Amazon Prime's The Boys

Amazon Prime’s The Boys season one debuts with eight episodes of blah, meh, and more meh.

For the most part the comics of writers like Warren Ellis, Mark Millar, and Garth Ennis are excuses to show a lot of sex of all kinds, blood, and violence.  Although it tries to be something different The Boys is no exception to this rule. Thankfully, Erik Kripke has stripped away a lot of the nonsense from the comic for the small screen adaptation. However, what’s left isn’t much better.

Amazon Prime's The Boys
The Seven a.k.a The Justice League.

The Boys, which premiered recently on Amazon, is a cutesy spoof on comic book characters people already know. The Seven is a thinly veiled version of the Justice League. Anyone who has seen Justice League can spot the characters. Superman, Batman, Wonder Woman, The Flash, and Aquaman are represented along with a few other characters who may not be easily recognized.

The Seven are the villains in the story. The Seven were created and controlled by Vought International. The Boys, lead by Billy Butcher, want to expose The Seven, Vought International, and “supes” in general as corrupt, vile scum juiced up on a super steroid called Compound V.

Amazon Prime's The Boys
Hughie, Billy, Mother’s Milk, and Frenchie are The Boys

To illustrate the point, Hughie’s girlfriend is vaporized by A-Train, the fastest man alive, who’s a fill in for The Flash, the fastest man alive, as he runs through her on his way to score Compound V. Homelander, the Super Man of the group, lets a jet filled with people crash in order to fulfill the corporation’s agenda and new girl on the block Starlight is sexually assaulted her first day on the job. The Seven are not as super as the public is lead to believe.

The hero as villain motif is nothing new. Comic book readers have seen it before in comic books and movies like The Watchmen and Squadron Supreme. Older comic book readers may remember the super hero as god theme explored in the classic Miracle Man. General audiences have seen the same thing in movies like The Watchmen and more recently in the under performing Brightburn. The Boys doesn’t explore any new territory nor does it add anything new.

Amazon Prime's The Boys.
Homelander and Queen Maeve, stand ins for Super Man and Wonder Woman.

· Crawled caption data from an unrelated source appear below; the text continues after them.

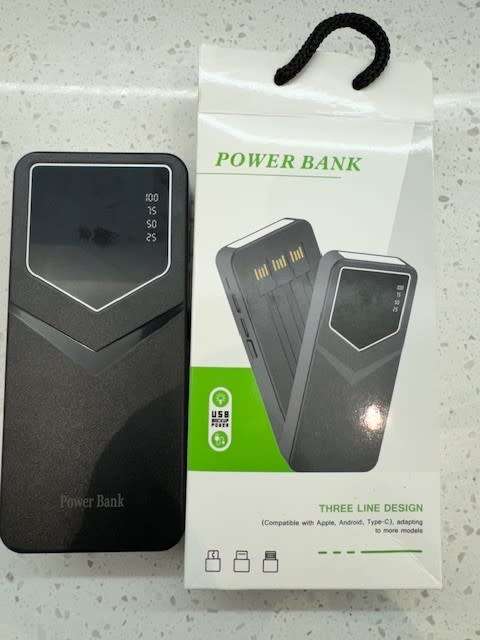 20000mah Power bank including USB cables and charge indication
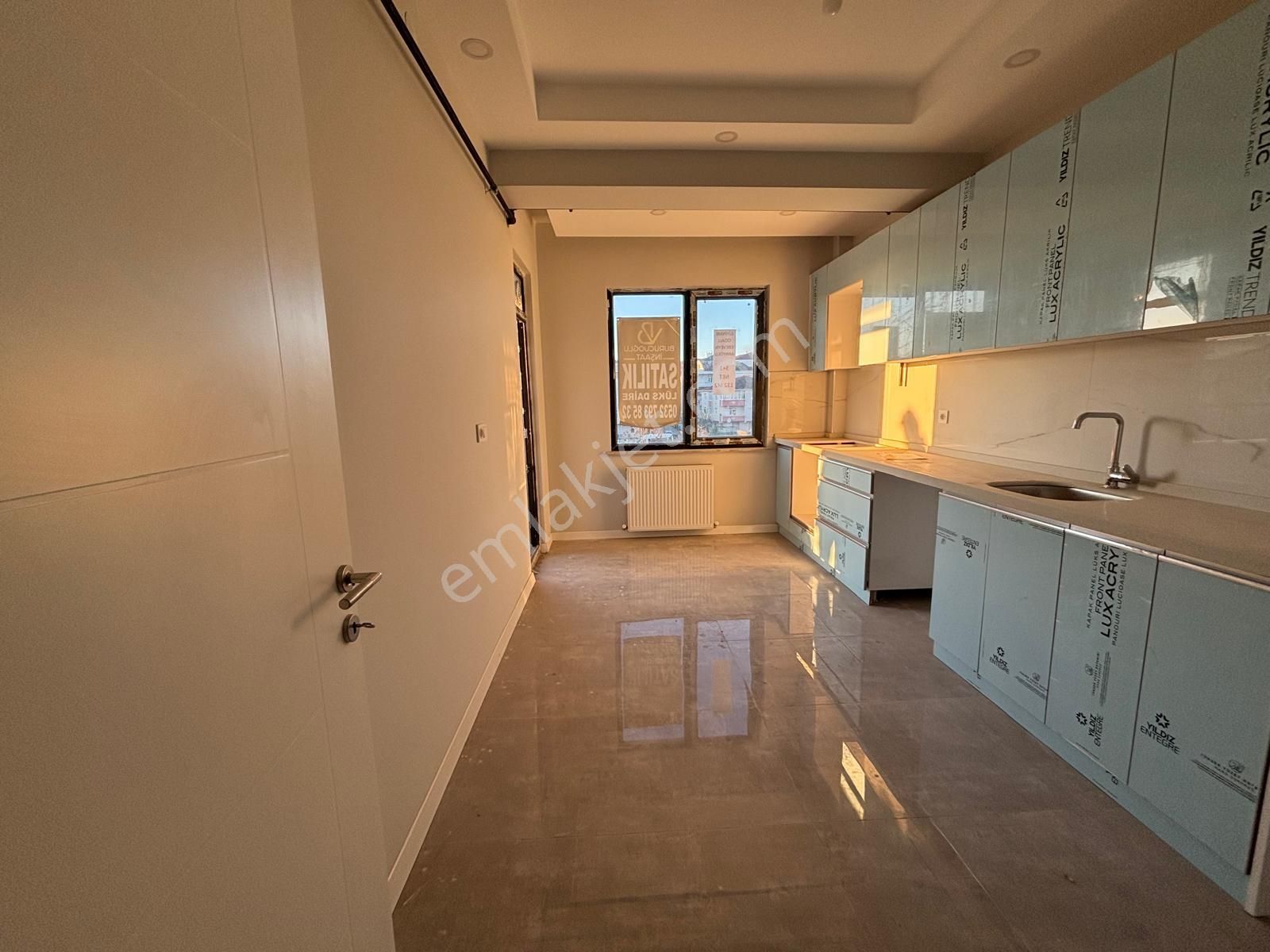 Tokay'dan3+1 136m2 Giyinme Odalı Perşembe Pazarının İçinde Daire - Görsel 2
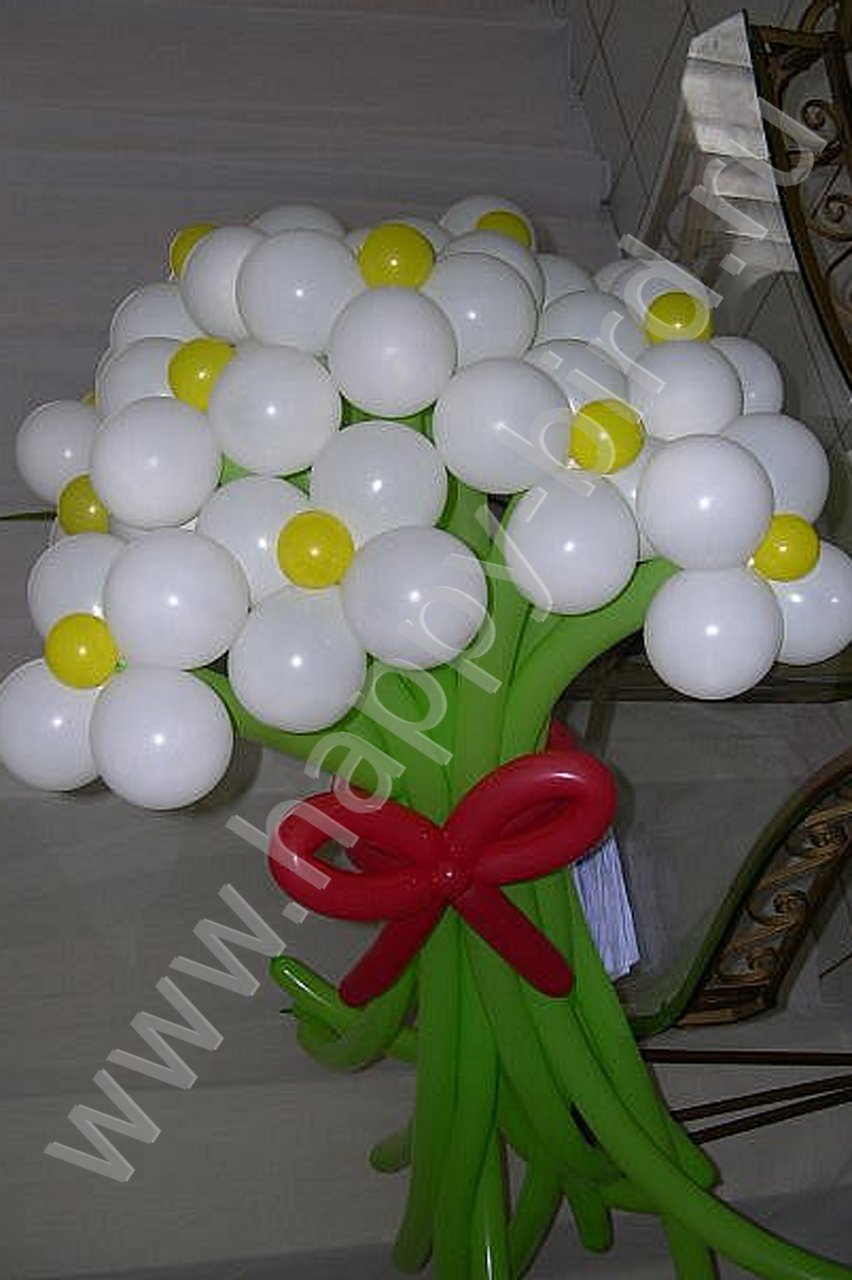 Ромашка из круглых шаров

The Boys is easy. There’s no real challenges thrown at the Boys. Billy and Hughie may get in a tough situation or two, but there’s every reason they’ll live to see the next scene. Mother’s Milk and Frenchie may be taken prisoners, but there’s little room to doubt they’ll be freed by the next episode. There’s never a question whether or not the Boys will expose Vought International. They won’t and they don’t because this is a series after all.

As viewers, we don’t expect or want the heroes to die. Most movies and television series don’t kill their heroes off because of the inevitable sequels and follow on seasons. You’re gravely mistaken if you think Avengers: End Game is the last time you’ll see Tony Stark or Steve Rodgers on the big screen or even on a Disney + series. At least make things exciting and leave just a little doubt in the viewers mind things may not go according to plan. In Mission Impossible: Rogue Nation, Ethan Hunt wasn’t going to die scaling down a building in a sand storm. It was still a tense and exciting scene. The Boys though is a CW series on a pay network so it can show gore, the occasional boob, and cuss a lot.

Amazon Prime's The Boys
Karl Urban, the only reason to keep watching The Boys.

The Boys isn’t a bad series. There’s some actual good performances in the series. Antony Starr excels as the ego driven, psychotic Homelander. Elizabeth Shue (Leaving Las Vegas) is adequate in her role as Madelyn Sitwell, the second in charge of Vought International. But it’s Karl Urban (Star Trek) as Billy Butcher that keeps the series going to its final episode.

The Boys isn’t a good series either. It’s not exciting or interesting. It just exists with really no direction surviving on cliches we’ve all seen in countless other movies about evil corporations. It’s a series that will appeal to some of the comic book readers and fans of Karl Urban. If you don’t fall in either category odds are high you won’t like The Boys.